Monday, October 1, 2018

10.01.18 Becomes her treasure - Inlay Jewelry - Part 2

After completing the frames for both pairs of earrings, it was time to start cutting and shaping the stones to fit the finished settings.

Using the lapidary equipment was a totally new experience for me - and while I was glad for the opportunity - by the end of the weekend my fingers were pretty chewed up, so my lapidary vendors don't need to worry that I'm going to start cutting my own stones.

The first step was to take the broken pieces of stone to the saw, and cut them down so that they were close to the size of the settings

This was the first of several very messy steps...not that working with metal is particularly clean or neat, but you keep the lapidary saw lubricated with oil, which flies pretty much everywhere as you cut (those are garbage bags taped to the wall to protect them from the spray).

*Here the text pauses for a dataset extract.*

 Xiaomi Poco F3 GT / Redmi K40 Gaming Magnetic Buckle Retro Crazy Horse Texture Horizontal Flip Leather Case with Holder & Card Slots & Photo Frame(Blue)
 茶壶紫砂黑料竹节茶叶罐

After the saw, I moved - with my very small pieces of stone - to the grinding wheels - which you also have to keep wet, with water - to shape the pieces more precisely so they would fit into the settings. Moving from left to right, you take away smaller and smaller amounts of stone from the surface with increasingly fine levels of grit.

It took a while to get the stones to fit - and with the first pair - I actually ground the spectrolite a little small...but inlay involves using jewelers epoxy to set the stones, so I was able to make them work.

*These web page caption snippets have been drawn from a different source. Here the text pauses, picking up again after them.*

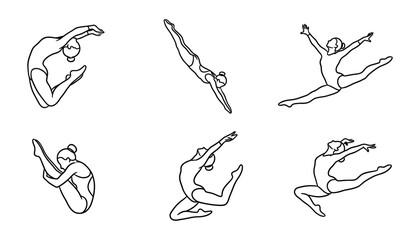 Obraz premium Minimalist Gymnastics Pose Line Art Set Black and White Outline Female Gymnast Vector Collection
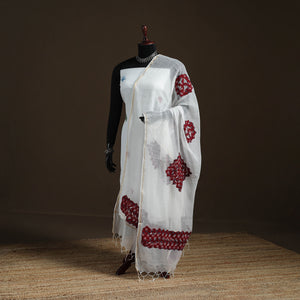 White - Kota Doria Cotton Barmer Applique Work Dupatta with Zari Border 15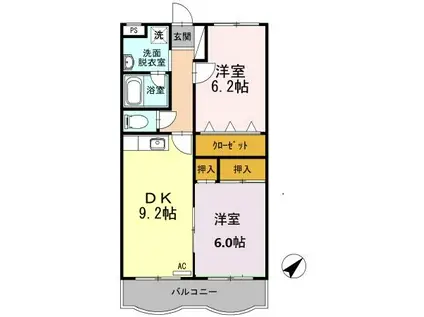 コンフォーレ広石(1LDK/2階)の間取り写真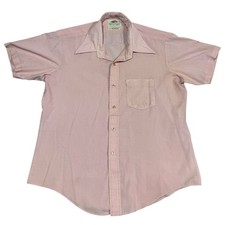 Vintage 60s Fruit of the Loom Thrashed Pink Dagger Collar Shirt Distressed L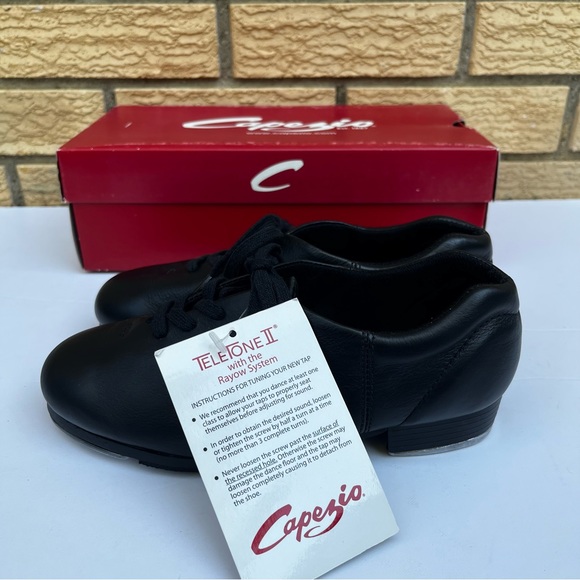 CG09 Capezio Premiere Black Leather Tap Shoes Women’s 4.5 Fit Child 2-2.5 New - Picture 6 of 14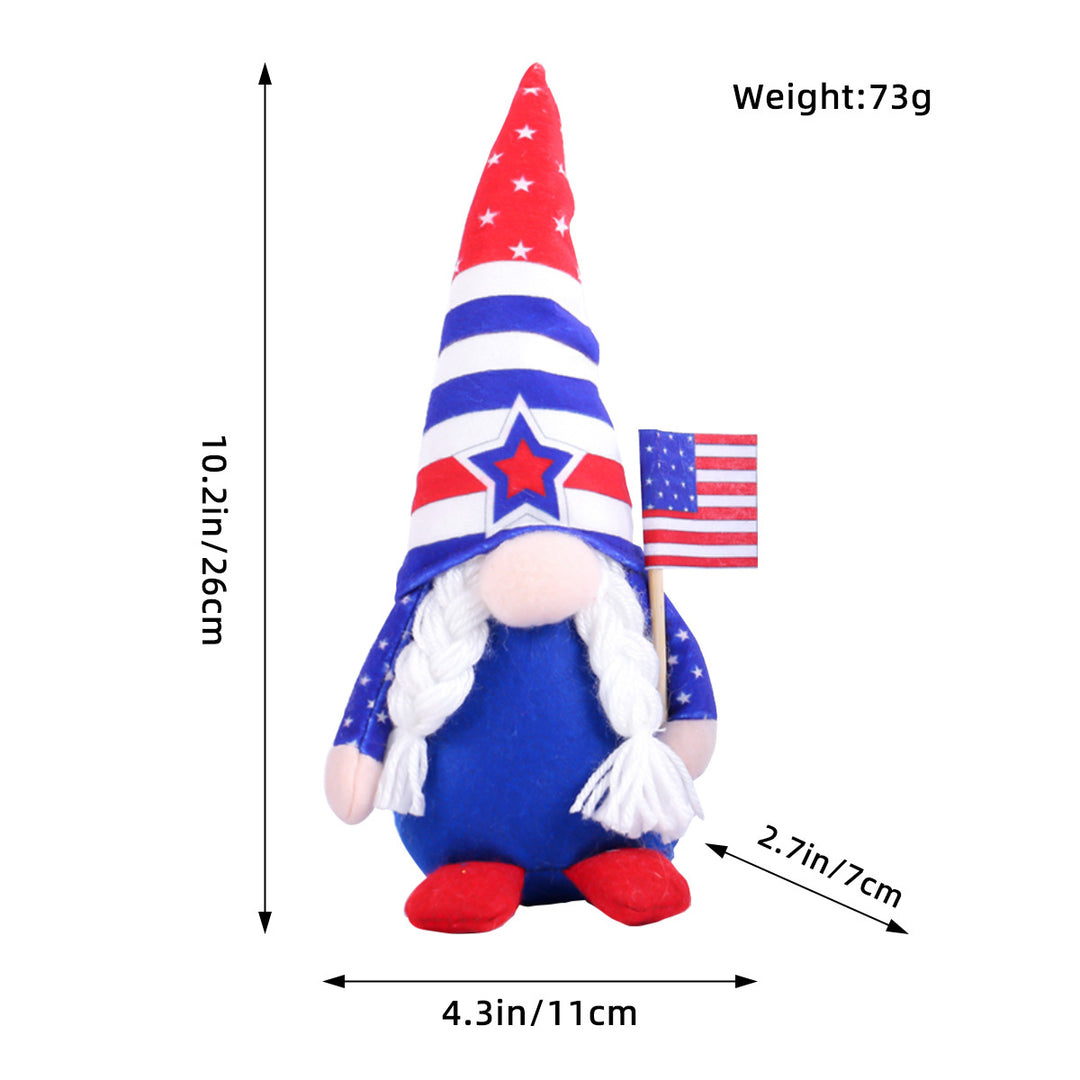Unisex nan Patriotic Americana Decorative Gnome Plush Set with Star-Spangled Hats Bowlift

Because the spectrolite is dark, Steve instructed me to mix some crushed charcoal into the epoxy to fill the space between the stone and the silver. I wasn't sure how I felt about this - but he assured me that I would be pleased with the result.

While waiting for the first pair of earrings to cure (it sets pretty quickly, but for the best results, we waited 24 hours to do the final grinding and polishing), we moved on to the second pair of earrings and repeated the process.

When both pairs of earrings were fully cured, it was time to go back to the wheels, grind away the excess stone, and put them on the polishing wheels.

When doing inlay, the stones are set so that they are taller than the metal frame, and they are finished by grinding down both the metal and stone.  We ground the howlite/spectrolite pair down to a flat surface to bring out the flash in the stones, but opted for a domed surface on the turquoise pair to show off as much of the matrix as possible.

Steve, of course, was right that I would be pleased with the outcome...and honestly, I was more than that, I was thrilled!

Both pairs have entered into frequent wardrobe rotation - and while I'm not sure I'll do any more inlay on my own, I definitely glad for the experience.